Consider [forall x, if x then unit else bool] and [forall x, if x then bool else unit].  They are equal by univalence, but [if x then unit else bool != if x then bool else unit].  You can think of [forall x : A, B x] as an A-indexed product; up to isomorphism, X * Y = Y * X (and more generally for automorphisms of A).  But the functions, unlike the Pi types, do care about the ordering/naming of the components.

-Jason

On Mon, Dec 16, 2013 at 11:53 AM, Edwin Westbrook <westbrook AT kestrel.edu> wrote:

Yeah, I was just starting to think of univalence…

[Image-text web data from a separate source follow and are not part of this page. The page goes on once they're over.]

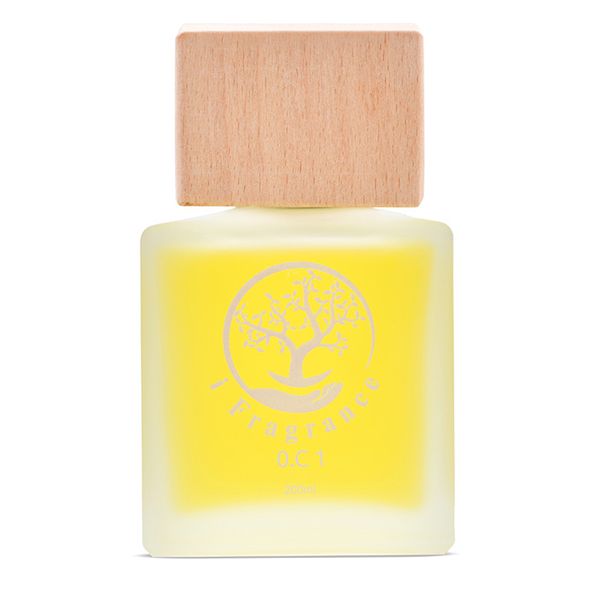 Key Lime &amp; Ginger wooden Top Diffuser 200ml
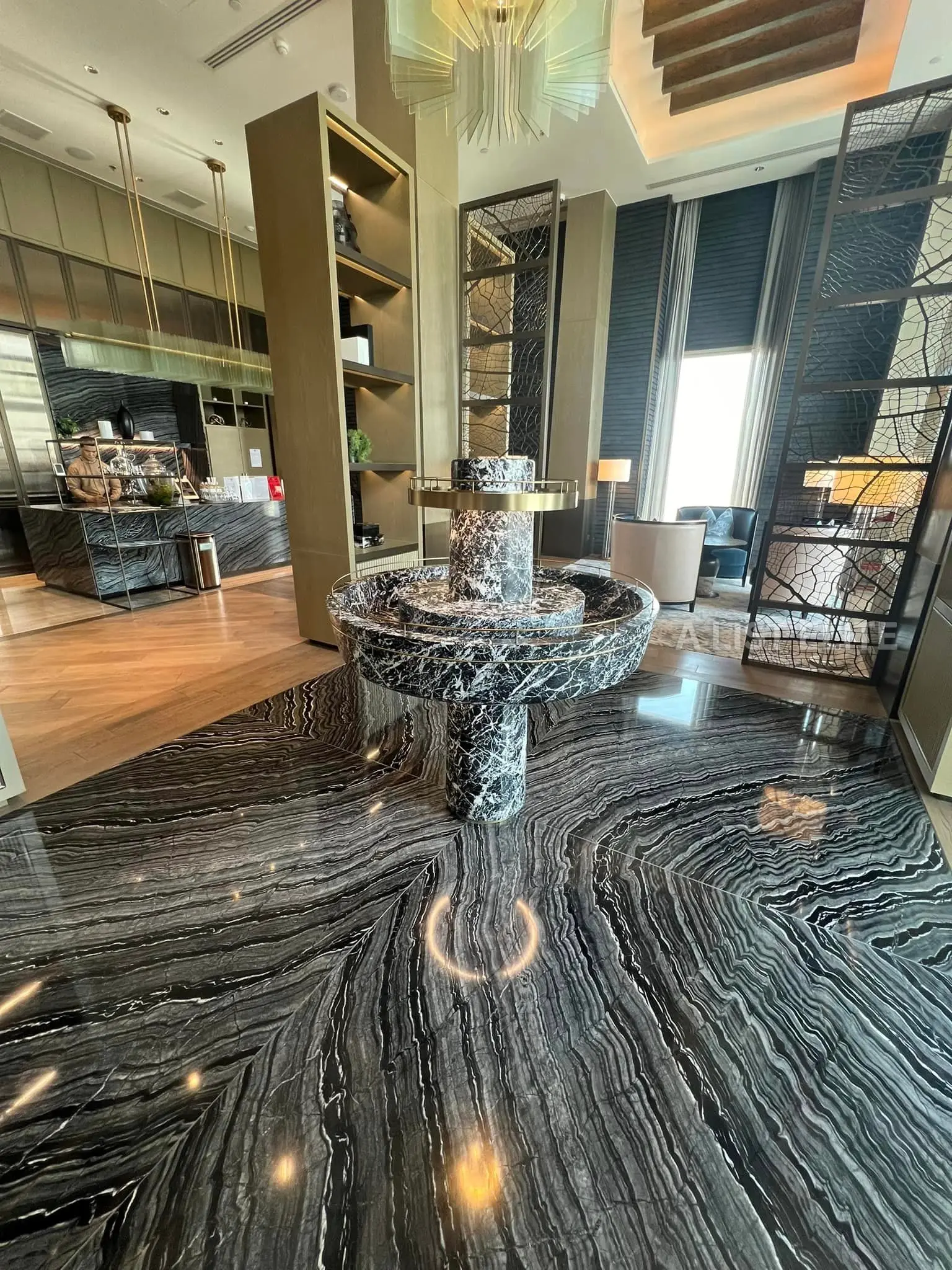 The Residences At Mandarin Oriental 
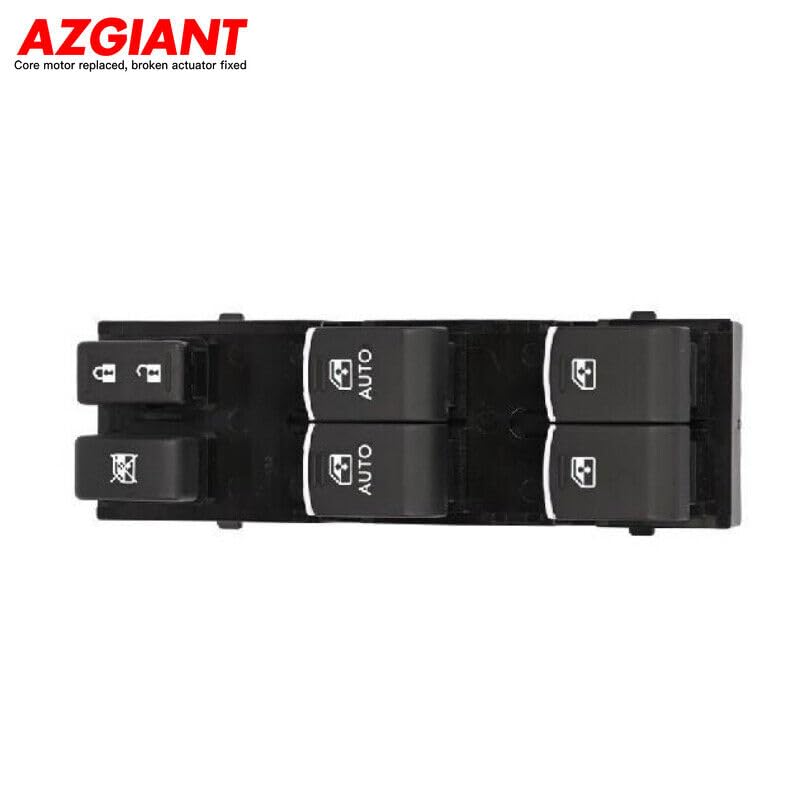 ya 3 8.24 baidi Front Left Window Side Window Switch is Suitable for Subaru Legacy 2018-19/Outback 2017-19
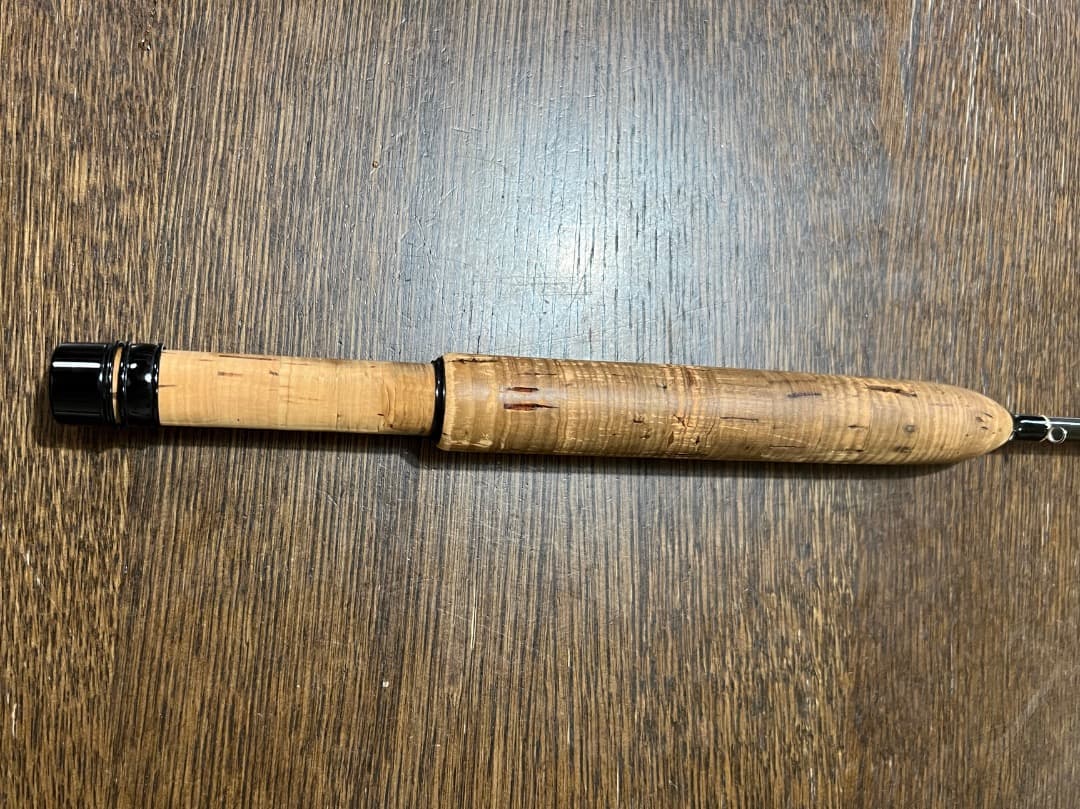 ARTIST フライロッド TRAVELER 4ピース 7ft3in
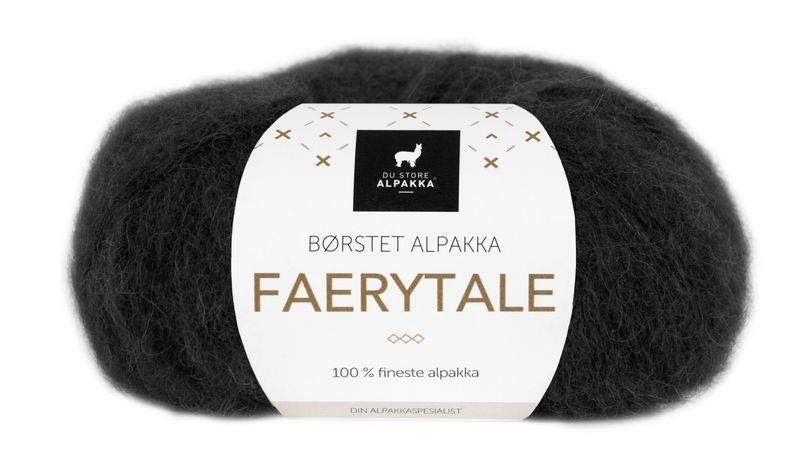 719 Faerytale Svart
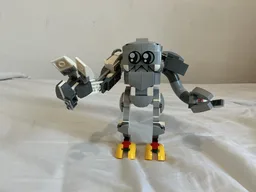Playful Mech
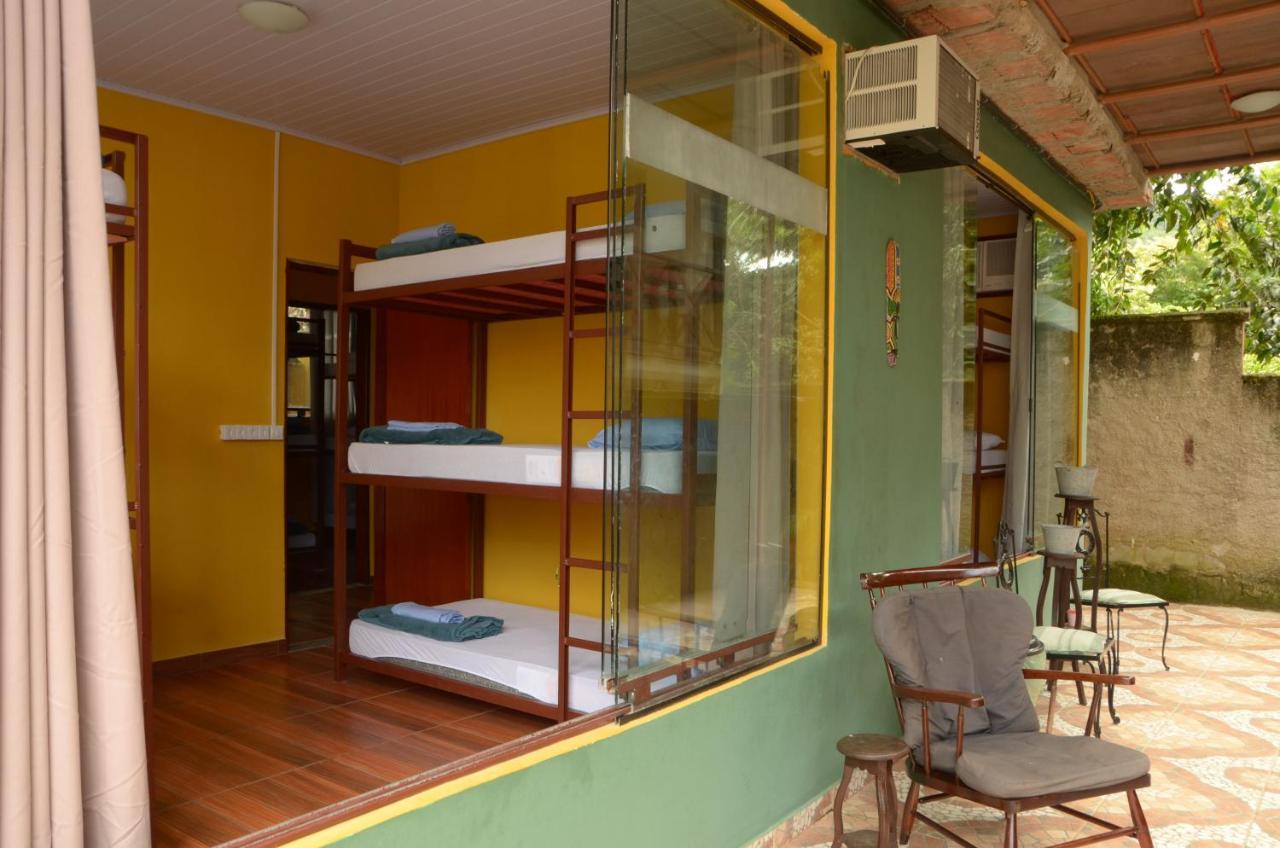 Hostel Mpb Ilha Grande エクステリア 写真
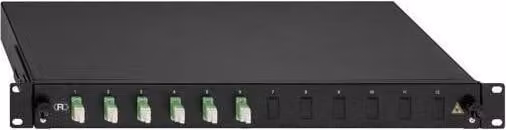 Scatole di giunzione Rutenbeck BasicLine estensibili 19"/2280302060 (2280302060)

What if both A and (forall (x:A) B x) are known to be inhabited?

Thanks,

-Eddy

On Dec 13, 2013, at 7:58 PM, Jason Gross <jasongross9 AT gmail.com> wrote:

It is false, if you assume univalence.  Consider A = bool, and B x = if x then True else False, and B' x = if x then False else True.  Univalence gives  (forall (x:A), B x) = (forall (x:A), B' x) (because they are isomorphic types; both are isomorphic to the empty set), but it is clear that we shouldn't have forall x, B x = B' x (and thus can't have (fun x => B x) = (fun x => B' x)), because True != False.  Therefore, it's unprovable in vanilla Coq, and provably false in Coq + Univalence.

I'm not sure what it's status is if you have some particular axiom that contradicts univalence.  (As an extreme example, you could probably take it to be true as an axiom.  I don't think this is inconsistent, but it might be.)

-Jason

On Fri, Dec 13, 2013 at 9:20 PM, Edwin Westbrook <westbrook AT kestrel.edu> wrote:

Hi,

Does anyone know if the following lemma is provable in Coq? I am perfectly happy to use functional extensionality, or even stronger axioms, as I am already using informative excluded middle:

Lemma pi_eq_to_app_eq A B B' :
  (forall (x:A), B x) = (forall (x:A), B' x) ->
  (fun x => B x) = (fun x => B' x).

Thanks in advance!
-Eddy